Wednesday, July 15, 2009

search engine rant no. 2

there is this company, whose name escapes me, that makes supercool garden gnomes. not the cheesy kind but anthropologie-type cool ones. they're about 2 1/2 feet tall and come in a myriad of pretty colours. i wanted to send a pal of mine a picture of this coolness because, like me, she kind of digs gnomes.
i'm not sure if it stems from watching hours of david the gnome when i was a kid; or the fact that i would simply love a pet fox that would be my pal and go on adventures with me (i even thought about naming seven Swift), but i totally like gnomes and faeries. not in an "i also love lisafrank and unicorns and collect figurines and shit" kind of way. i just like to think they really are out there living in trees.
it's a childlike enjoyment. whatever. i can't justify it or make it sound cooler than it is. so, on to the rant.
i went to search for the images of these, and dear lord, the crap that came up instead. what is some of this shit? it's frightening. especially since there is an entire niche market devoted to naked gnomes and defecating gnomes.
warning: if you do not want to see either one of those or think you may be offended by the sight of them, then do not scroll down.
for the rest of you perverts, a sampling of the insanity that comes from searching the interwebs for garden gnomes. the second pic is my favourite of (nearly) all time. schlissweitz (i have no idea how to actually spell that but those of you who also watched david the gnome, you get it). enjoy!




2 comments:

Unknown said...

LOL. I want the first one!! It looks helpless since its pants are down...Gnomes scare me.

k.lou said...

I love that I got you looking at gnomes too.

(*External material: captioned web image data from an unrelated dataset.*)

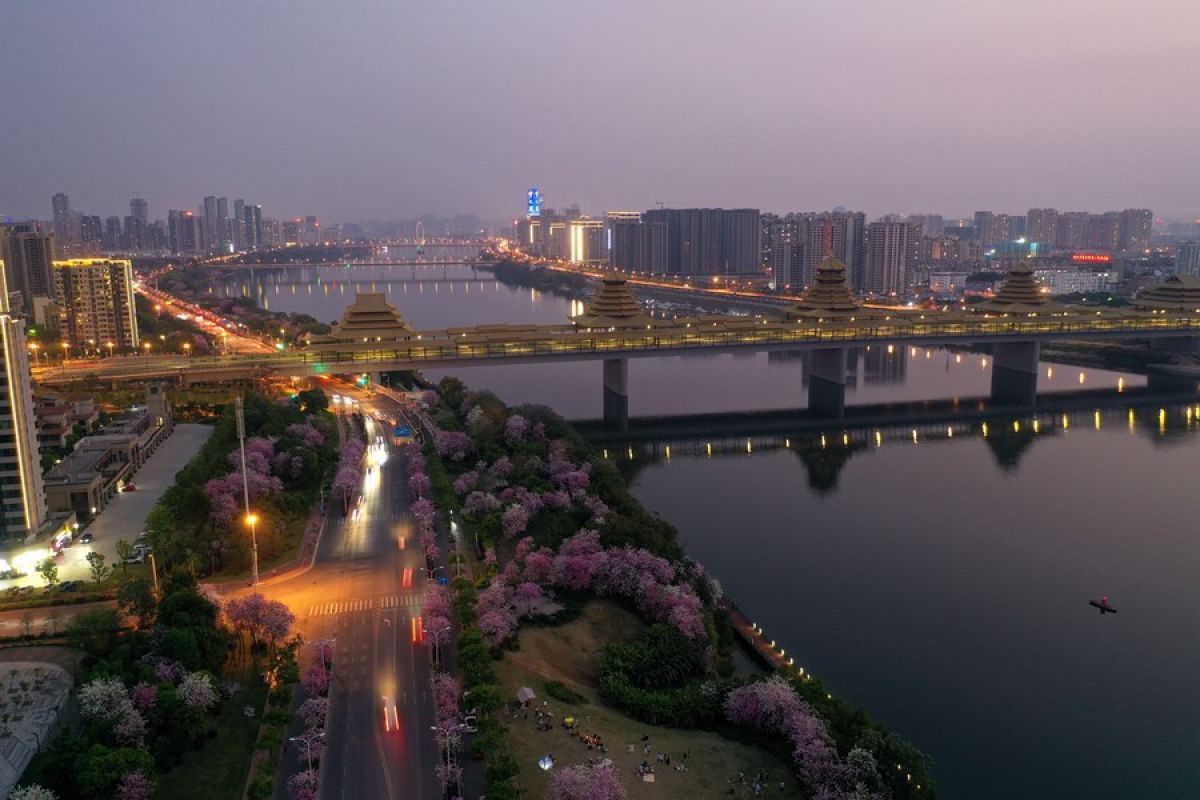 Kota Liuzhou China bersolek dari "kota hujan asam" jadi layak huni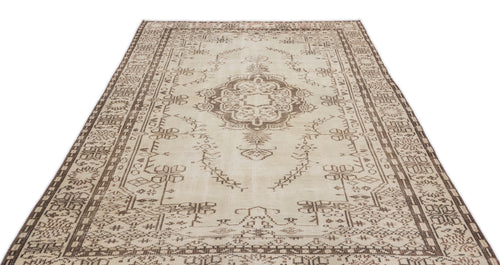 Load image 1 in gallery view. Kidaen - Vintage Medallion Rug - 6'0 X 9'6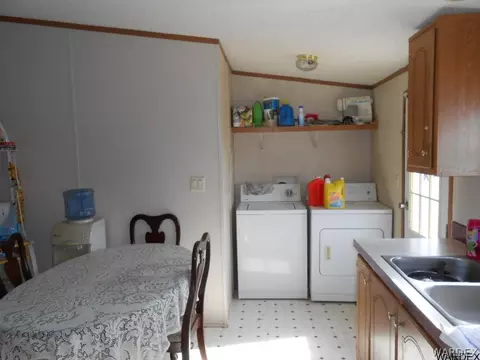 910 John Norman, Kingman, AZ 86409 photo 4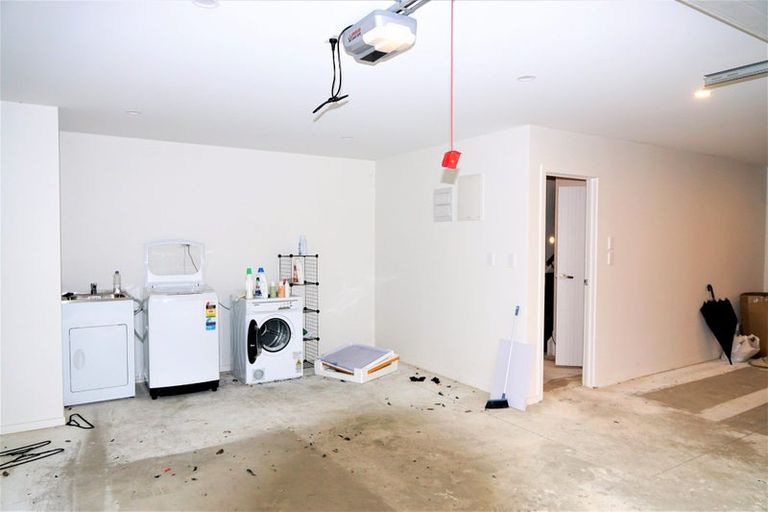 Photo of property in 17c Lavery Place, Sunnynook, Auckland, 0632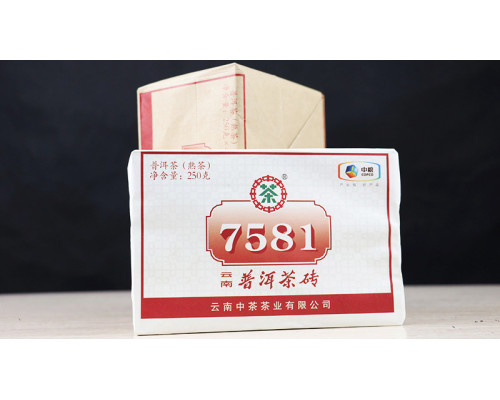 Шу пуэр Чжун Ча "7581" кирпич 250гр 2018г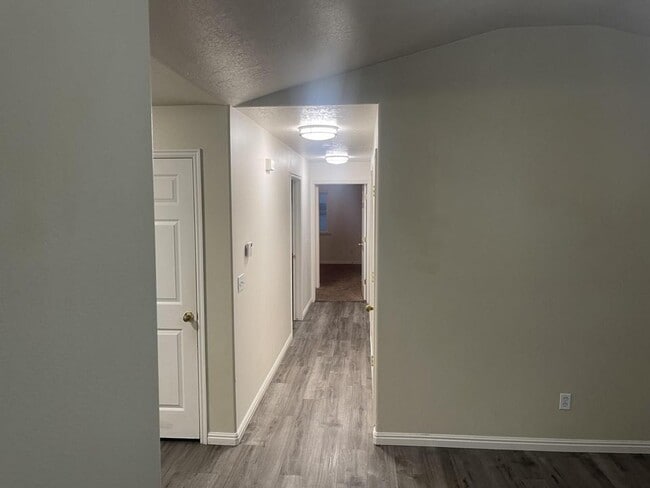 Photo - 3365 N Ridge Loop W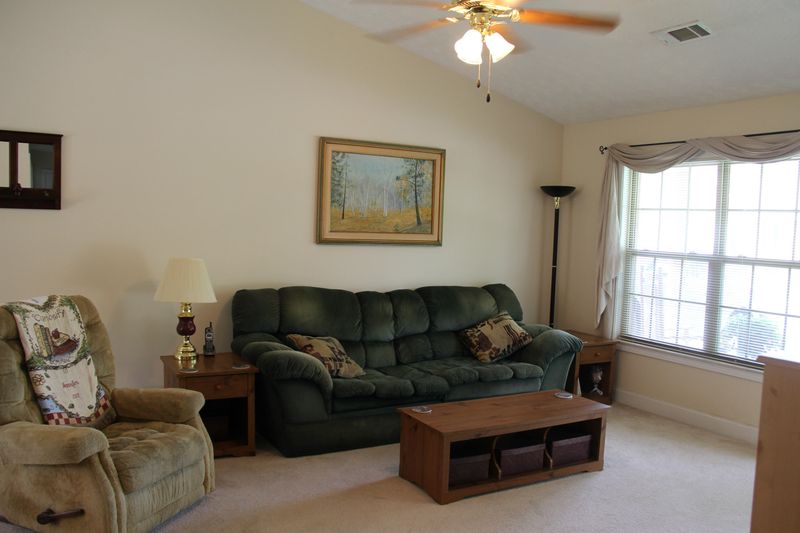 7036 Ghiradelli Rd, Knoxville, TN 37918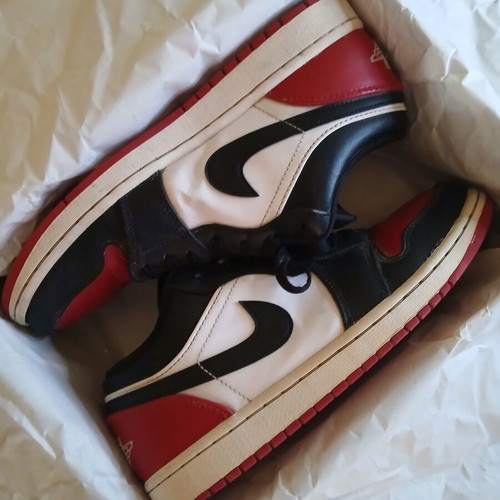 Nike Air Jordan 1 Low Black Toe used, size 42.5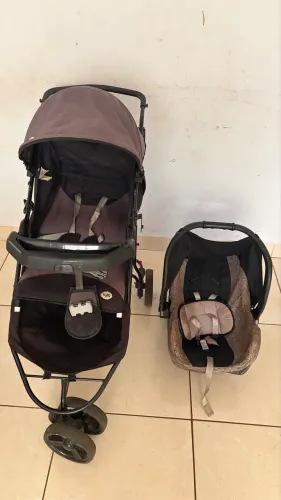 Carrinho de bebe mais bebê conforto 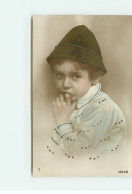 Enfants - Paillettes - Jeune Garçon Portant Un Chapeau - Portraits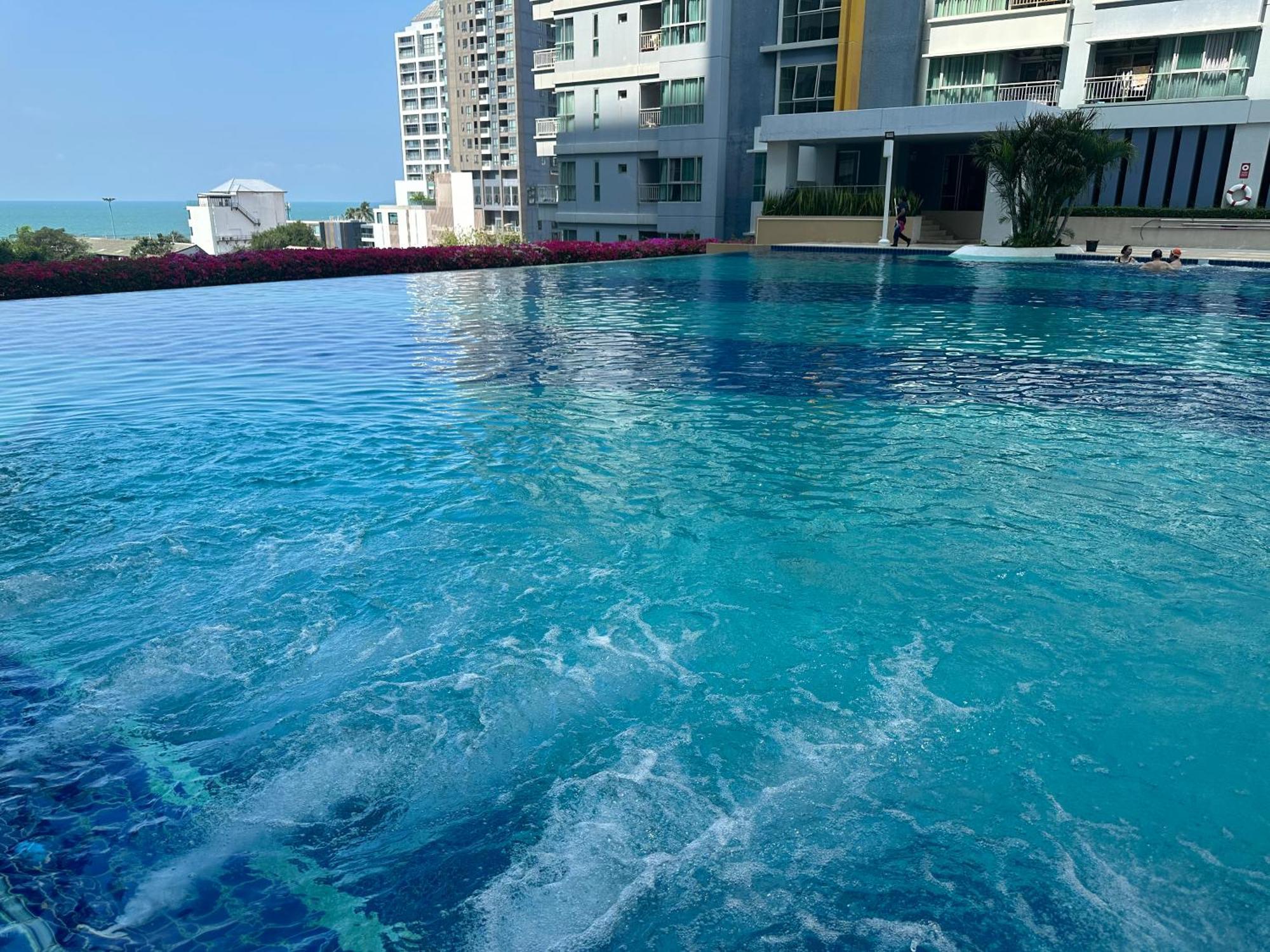 Seaview Beach Room Lumpini-Pool And Gym Face To Ocean Jomtien Exterior foto
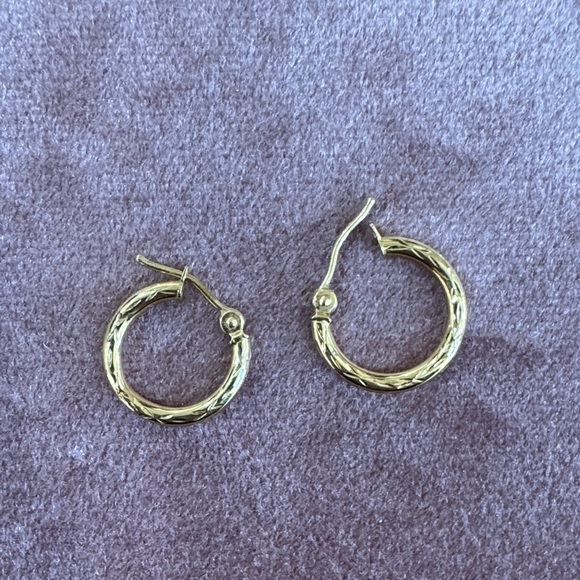 italian Jewelry - 14k Gold Hoop Earrings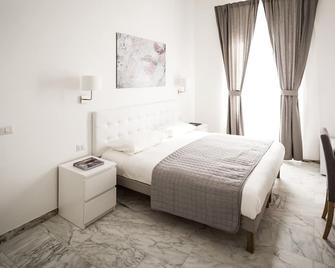 Vinci House - Rome - Bedroom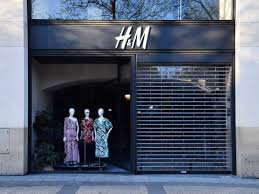 Welcome to h&m, your shopping destination for fashion online. H M Will Close 250 Stores Next Year To Focus On Online Sales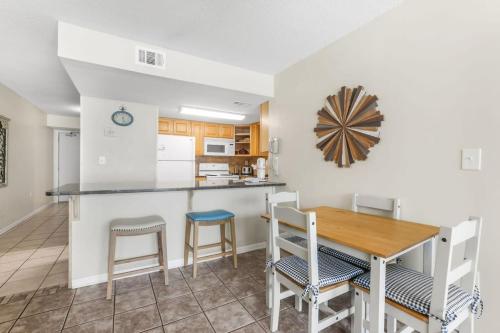 Island Winds West 774 Walk to Hangout beachfront kiddie pool near Pink Pony Pub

My obession started when I thought about moving out, how I wanted gnomes to stick in cupboards, closets, and behind stuff so when people saw them, they'd be surprised. Or scared. Didn't matter.

So people started sending me drunken gnomes, NASCAR gnomes (which actually might be a Santa, but whatever), Gnome on the Beach (which looks like my old Spanish prof), the infamous pirate gnome, and my favourite...all the way from Germany's Black Forest, The Gayest Gnome Who Ever Gnomed. I kid you not, glitter and butterflies, and the poor kid that was tasked with carrying through each and every airport on the way home from Germany. Awww.

Actually, the whole thing might've gotten started with an article on the Gnome Liberation Army. Wrote a story about it once, too.